■ What you will do ■
Could you set down exactly the lines of the data below, starting at the one that holds "Cloth is one" and ending at the one that holds "A decal or patient", both included, and only those?

■ Task inputs ■
+---+
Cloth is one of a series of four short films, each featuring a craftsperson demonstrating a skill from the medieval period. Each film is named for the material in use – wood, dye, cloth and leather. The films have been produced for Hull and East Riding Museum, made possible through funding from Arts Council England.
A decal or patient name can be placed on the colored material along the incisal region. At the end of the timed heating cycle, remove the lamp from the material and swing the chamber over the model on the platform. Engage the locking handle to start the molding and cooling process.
+---+
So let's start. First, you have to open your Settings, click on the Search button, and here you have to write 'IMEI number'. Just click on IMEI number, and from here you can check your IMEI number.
+---+
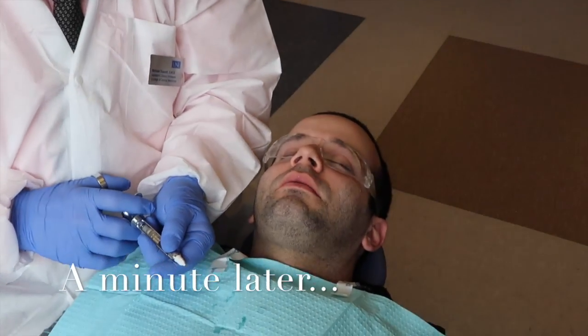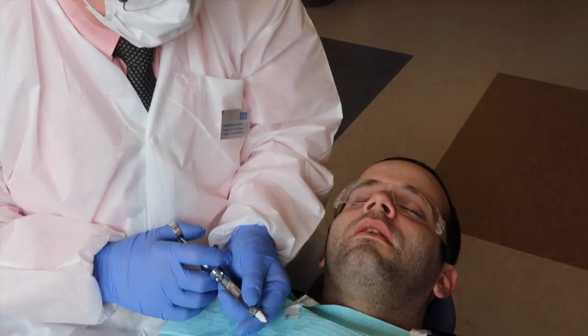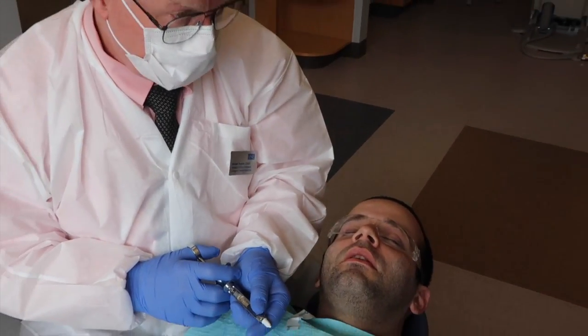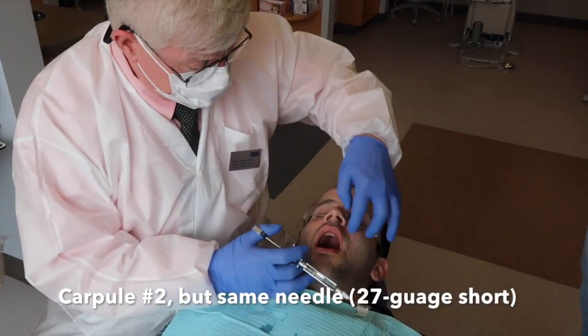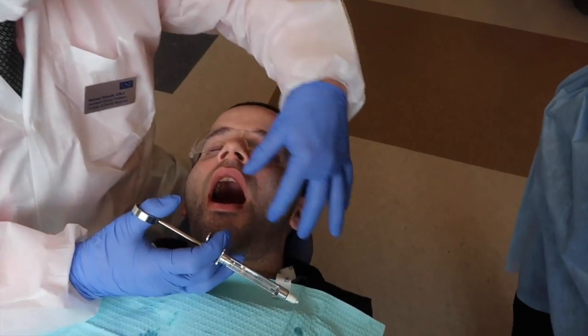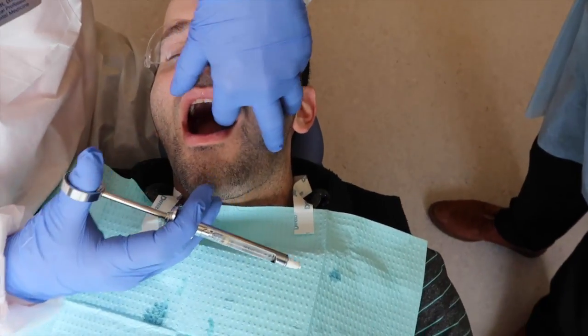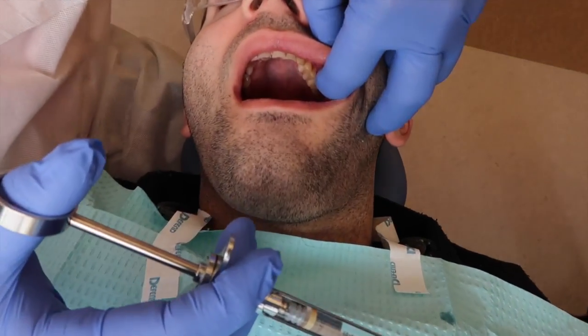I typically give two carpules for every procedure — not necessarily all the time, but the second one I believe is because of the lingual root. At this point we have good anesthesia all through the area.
+---+
■ Result of the exercise ■
Cloth is one of a series of four short films, each featuring a craftsperson demonstrating a skill from the medieval period. Each film is named for the material in use – wood, dye, cloth and leather. The films have been produced for Hull and East Riding Museum, made possible through funding from Arts Council England.
A decal or patient name can be placed on the colored material along the incisal region. At the end of the timed heating cycle, remove the lamp from the material and swing the chamber over the model on the platform. Engage the locking handle to start the molding and cooling process.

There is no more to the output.